Car Insurance Renewal Time – what a bloody pain in the arse. More so for me, as due to a very generous present in my youth with a spare car, my insurance is up each year on my birthday. That bill is not the best present I get each year! This year’s was particularly bad as it came through yesterday at £1220. Not good as the previous year was about £800. When I had calmed down a bit, I did some web-based work and what occurred has serious pissed me off…
I have two cars, owner on both with the wife as a named driver on both. Apart from a low-level bump she caused last year, all our histories are clear with regards to accidents and points.
I did a quick run through on one of the cars (as the multicar policy had come through with separate premiums for each) on a competitor site and it came out more! Surely things hadn’t changed that much in 1 year that premiums have gone up this much! Now due to the incredibly annoying and ubiquitous advertising that irritates the crap out of me, I never wanted to do it, but………I Go Compared !!!!!
Well, it was an eye-opener straight away as the premiums at the top of the list came out MUCH cheaper. Then again, I fail to believe such attractive offers are real and are just meaningless gimmicks to grab your custom. However, it was the fifth entry down that really made me sit up and take notice. It was from the same company that I was with, but with a significant difference in price, as you can see:
Cost on renewal letter: £644.46
Cost via Go Compare: £370.82
Now this baffled me somewhat – the same car, the same drivers, the same address and the SAME INSURANCE COMPANY. How the hell can there be such a difference? I thought that there was either an error on my part or a ton of hidden costs that would eventually boost it up.

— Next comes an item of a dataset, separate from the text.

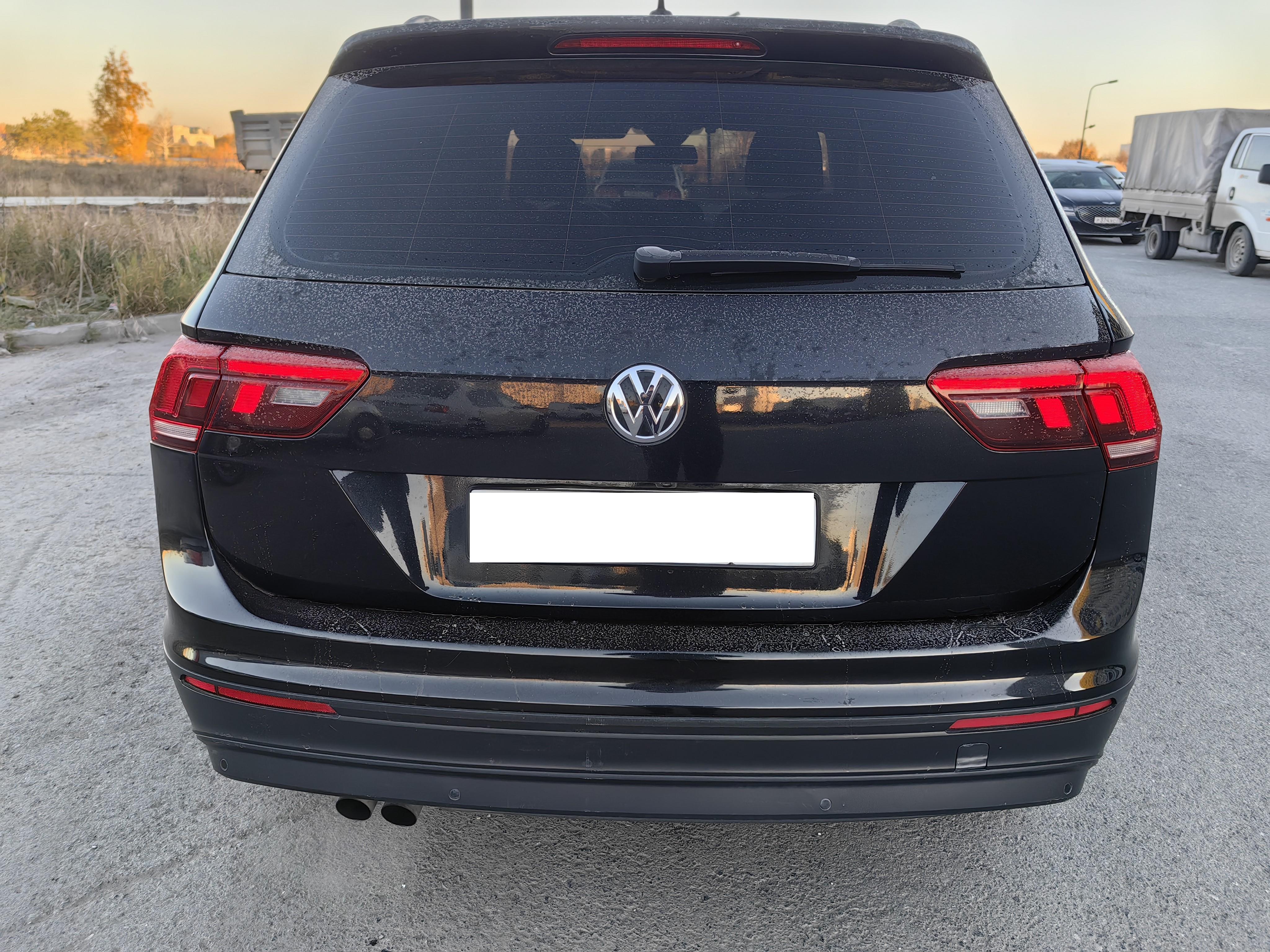 Volkswagen Tiguan - фото 6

So, I did the other car too:
Cost on renewal letter: £576.43
Cost via Go Compare: £361.28
I rang them up and told them that I had found insurance cheaper elsewhere; they were surprised, but said that if I could prove it that they were able to price match. They were even more surprised when I told them that it was with them, and even provided the precise Quote References from their own systems that the Go Compare process had created!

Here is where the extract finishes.